WHAT TO PRODUCE – Your answer should hold only the lines from the one containing "The raw ingredients" through the last line below, copied exactly; pictures stay out.

PROVIDED DATA –
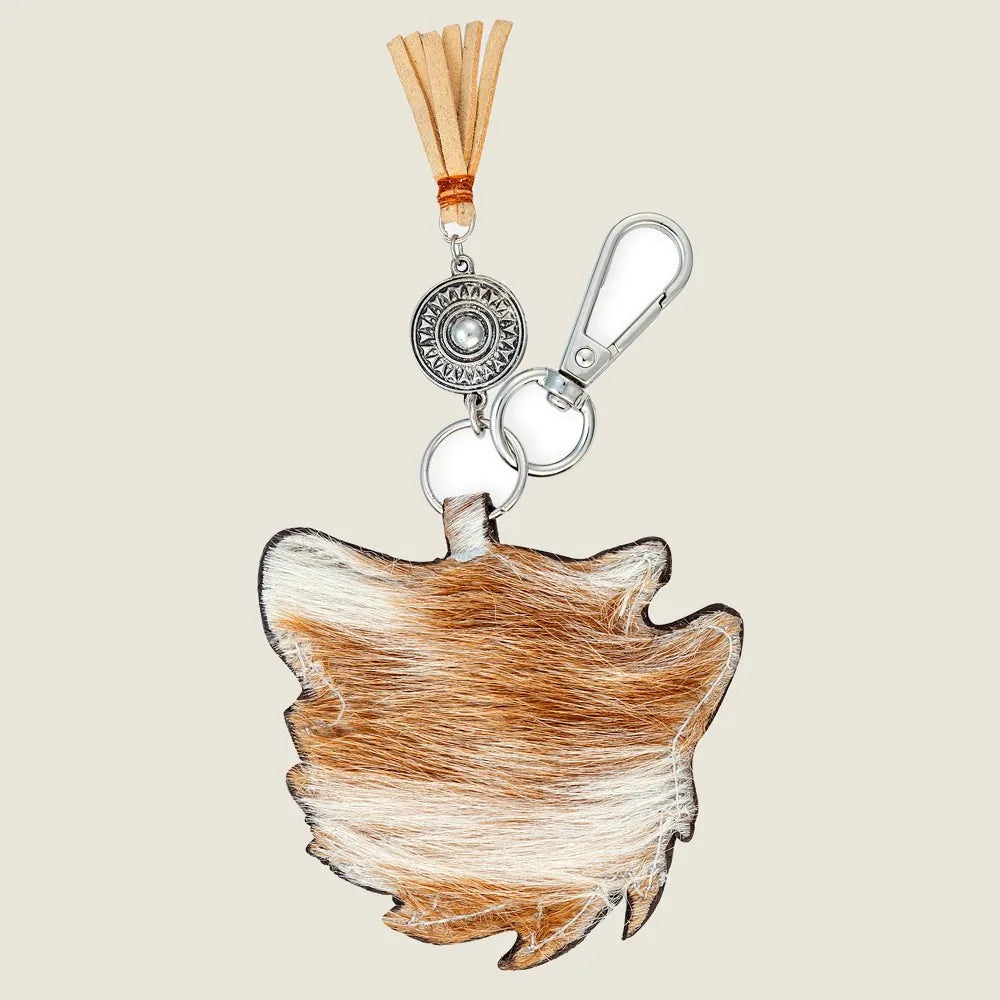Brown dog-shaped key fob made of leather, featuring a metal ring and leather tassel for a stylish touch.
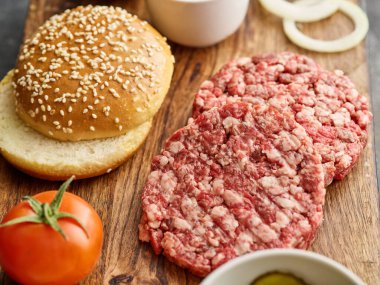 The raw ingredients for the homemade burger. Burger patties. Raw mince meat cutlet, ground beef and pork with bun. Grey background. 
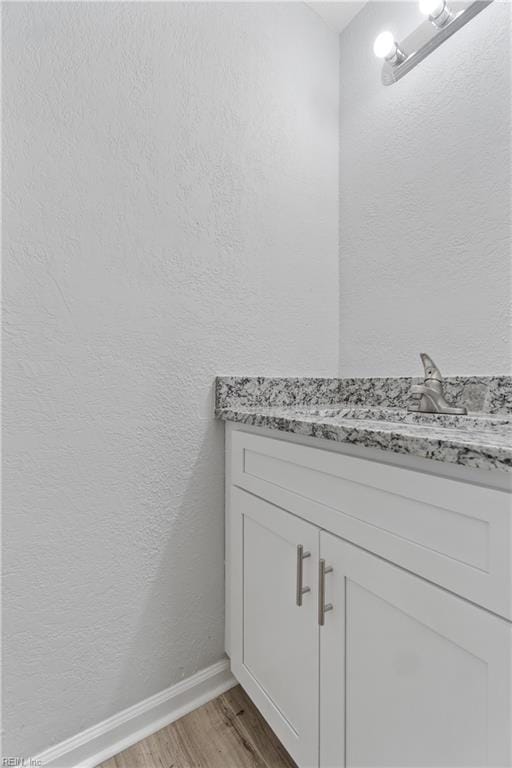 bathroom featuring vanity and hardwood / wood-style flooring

RESPONSE –
 The raw ingredients for the homemade burger. Burger patties. Raw mince meat cutlet, ground beef and pork with bun. Grey background. 
 bathroom featuring vanity and hardwood / wood-style flooring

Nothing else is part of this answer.